And speaking of CMB, Brilliant.org has a lesson in their astronomy unit that covers even more of what that background radiation has taught scientists about the universe. And it’s really fun, because each question makes you an active problem solver. So let’s see if we learned anything from everything I was just telling you about.
I’m going to take the quiz here in the studio, but Brilliant.org also set up a link so that you can test your knowledge at home for free. You can find that at brilliant.org/SciShowSpaceCosmology So like all Brilliant quizzes, this one opens with giving you more information about how to solve these problems. This quiz kind of starts with explaining the CMB a little bit more before we dive into answering questions about it, and one of the things that I love about Brilliant is that it’s not just text-based, that you’re working with, you have amazing images like this map.
Not only do they help me understand the problem that I’m trying to solve, but they give context to everything that they’re talking about in this quiz, and that helps me make more sense of it, but also retain that information over the long run and be excited about it. So check out the quiz for yourself, and let us know how you do in the comments below. This quiz is totally free for you to play with, so have at it.
And the first 200 to sign up at brilliant.org/scishowspace will get 20% off of their annual Premium subscription, and be supporting SciShow Space, so thank you! [♪ OUTRO].
One thing that humans simply cannot stop doing is trying to figure out where we came from and why we exist. That’s, like, Our Big Thing.
That, and getting really inventive with fried foods, but that’s a subject for another channel. Philosophers and fry cooks are still working on those questions, but science can at least answer one thing: when the universe began. And right now, we’re pretty confident that it all happened around 13.8 billion years ago with the Big Bang.
Figuring that out hasn’t been easy, and our estimates could still get better, but thanks to some useful tools and a lot of math, we’re off to a really good start.

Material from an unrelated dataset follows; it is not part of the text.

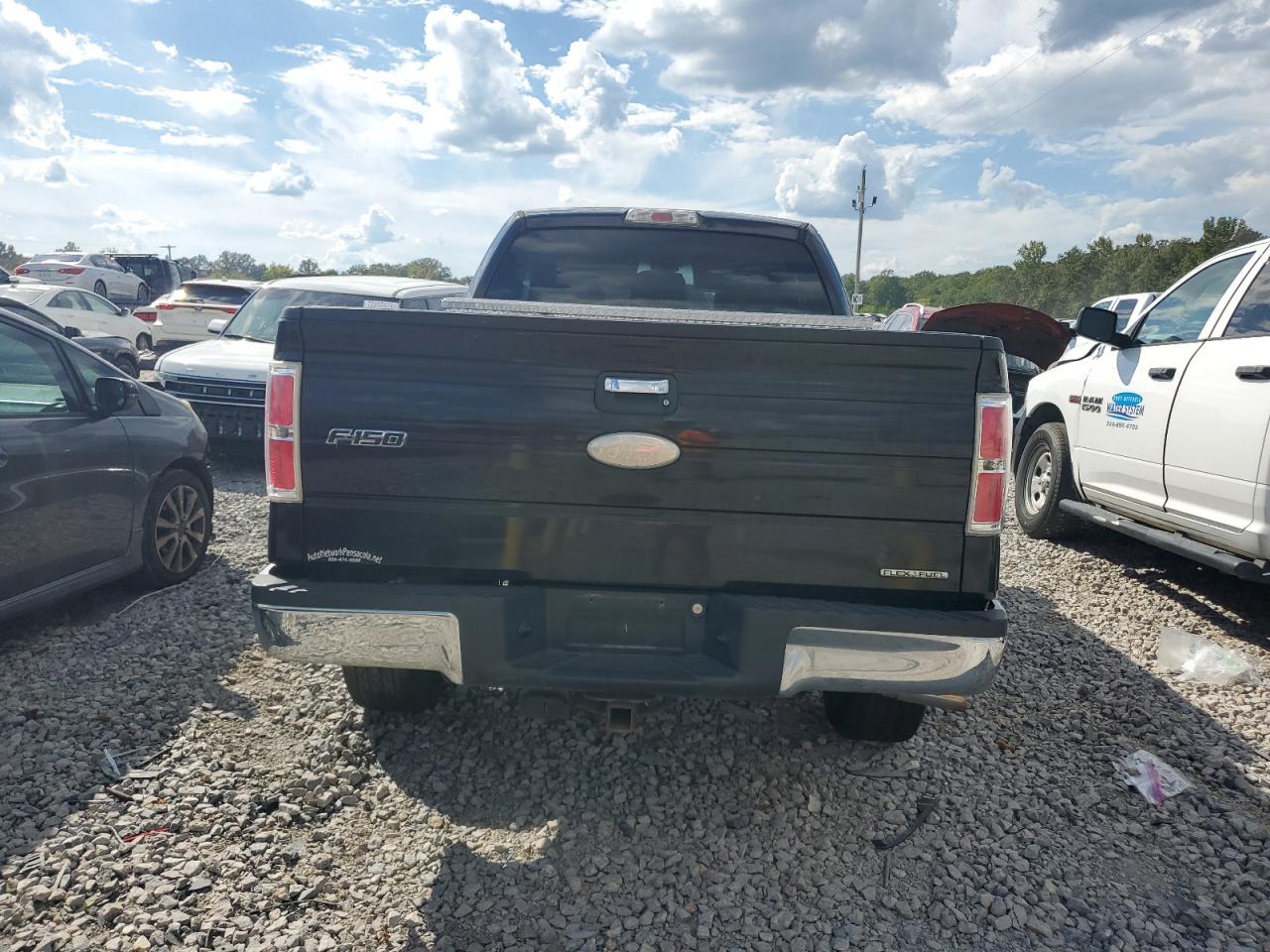 2012 Ford F150 Super Cab - Фото 6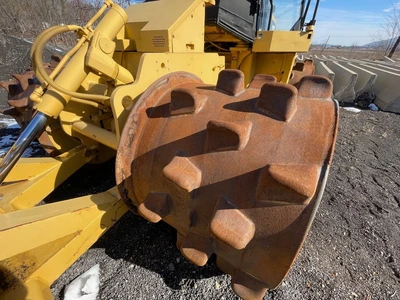 Used 1999 CATERPILLAR 826G Landfill Compactors Pennsylvania US | Proxy Equipment #1384899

To calculate the age of the universe, astronomers use two main tools, or pieces of evidence. The first is pretty intuitive: They look for old stuff.
For the most part, that means looking at really faraway stuff. See, the universe has been expanding ever since the Big Bang, so the very oldest objects have been hurtling away from the Earth for billions of years. And based on how far an object is, astronomers can get a rough idea of how old it is.
So far, using photos, like ones from the Hubble Space Telescope, researchers have been able to find clusters of stars as old as 13.2 billion years! But they don’t know the stars are old just by looking at them. To figure it out, they have to take into account some of the cool, weird ways that light behaves.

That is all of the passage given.